▸ Exercise goal: Dropping every picture, set down exactly the lines in the entries below, starting with the line with "Flat in Greece, 38 sq.m." and going on through the line with "1/3Rd Residence Serviced".

(Input data Opens)

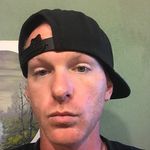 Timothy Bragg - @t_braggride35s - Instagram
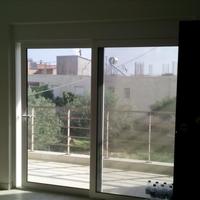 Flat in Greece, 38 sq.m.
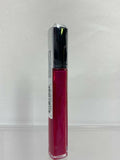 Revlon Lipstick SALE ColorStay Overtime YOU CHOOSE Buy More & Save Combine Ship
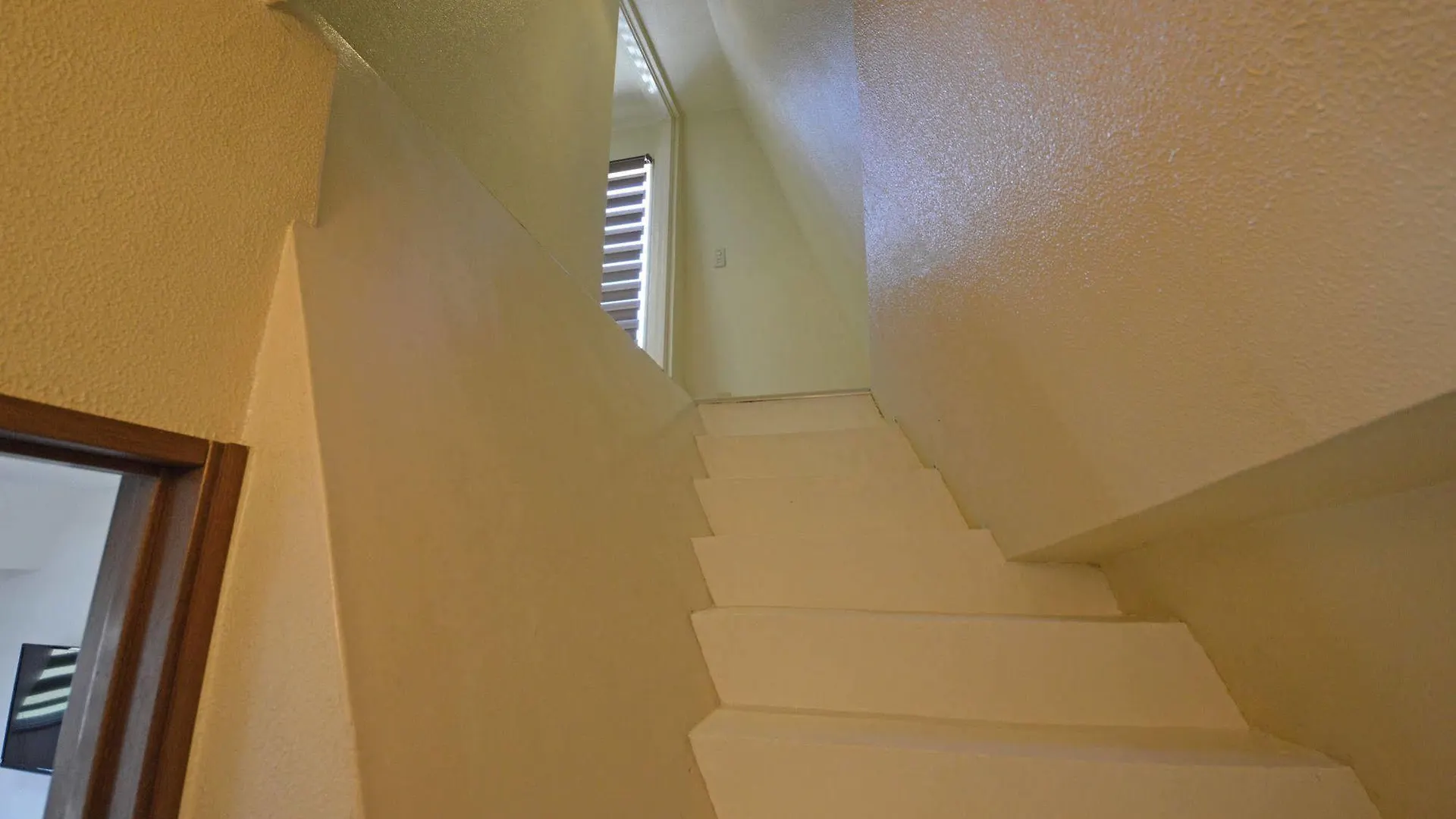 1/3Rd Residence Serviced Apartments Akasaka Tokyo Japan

(Input data Closes)
(Input data Opens)

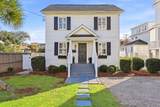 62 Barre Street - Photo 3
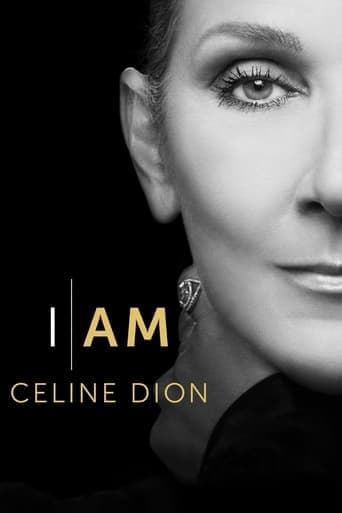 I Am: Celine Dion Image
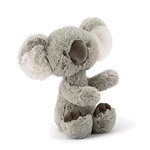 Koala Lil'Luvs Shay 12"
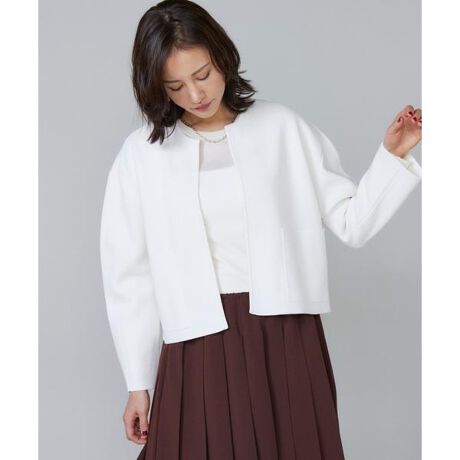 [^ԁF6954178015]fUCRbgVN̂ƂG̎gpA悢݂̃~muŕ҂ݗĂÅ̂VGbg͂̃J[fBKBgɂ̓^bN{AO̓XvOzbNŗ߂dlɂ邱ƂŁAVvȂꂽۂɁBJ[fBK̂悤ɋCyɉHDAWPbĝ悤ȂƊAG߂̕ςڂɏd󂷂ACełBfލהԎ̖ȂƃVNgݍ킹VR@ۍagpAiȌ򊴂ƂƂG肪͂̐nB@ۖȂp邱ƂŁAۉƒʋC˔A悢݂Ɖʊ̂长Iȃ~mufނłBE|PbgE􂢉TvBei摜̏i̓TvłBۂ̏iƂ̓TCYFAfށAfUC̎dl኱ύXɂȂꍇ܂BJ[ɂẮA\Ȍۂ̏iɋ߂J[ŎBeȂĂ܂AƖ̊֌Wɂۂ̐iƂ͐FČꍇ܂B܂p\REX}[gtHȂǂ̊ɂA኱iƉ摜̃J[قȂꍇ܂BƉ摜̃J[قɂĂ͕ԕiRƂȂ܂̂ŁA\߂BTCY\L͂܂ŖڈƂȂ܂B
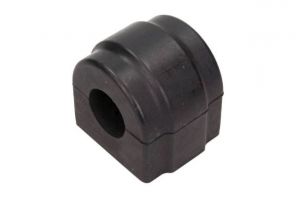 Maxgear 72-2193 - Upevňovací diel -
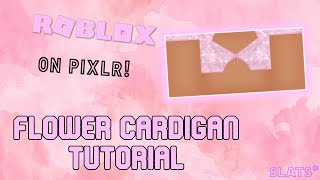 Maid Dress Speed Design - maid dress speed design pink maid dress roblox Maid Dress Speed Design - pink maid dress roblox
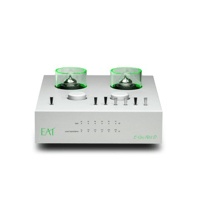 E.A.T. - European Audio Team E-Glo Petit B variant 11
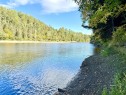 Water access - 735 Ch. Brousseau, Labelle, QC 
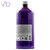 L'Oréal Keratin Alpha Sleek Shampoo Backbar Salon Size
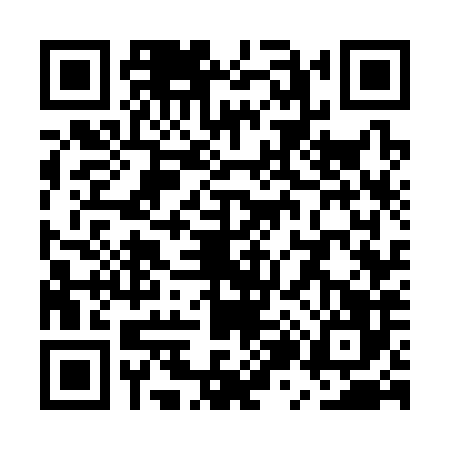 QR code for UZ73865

(Input data Closes)

▸ Answer to the problem:
 Flat in Greece, 38 sq.m.
 Revlon Lipstick SALE ColorStay Overtime YOU CHOOSE Buy More & Save Combine Ship
 1/3Rd Residence Serviced Apartments Akasaka Tokyo Japan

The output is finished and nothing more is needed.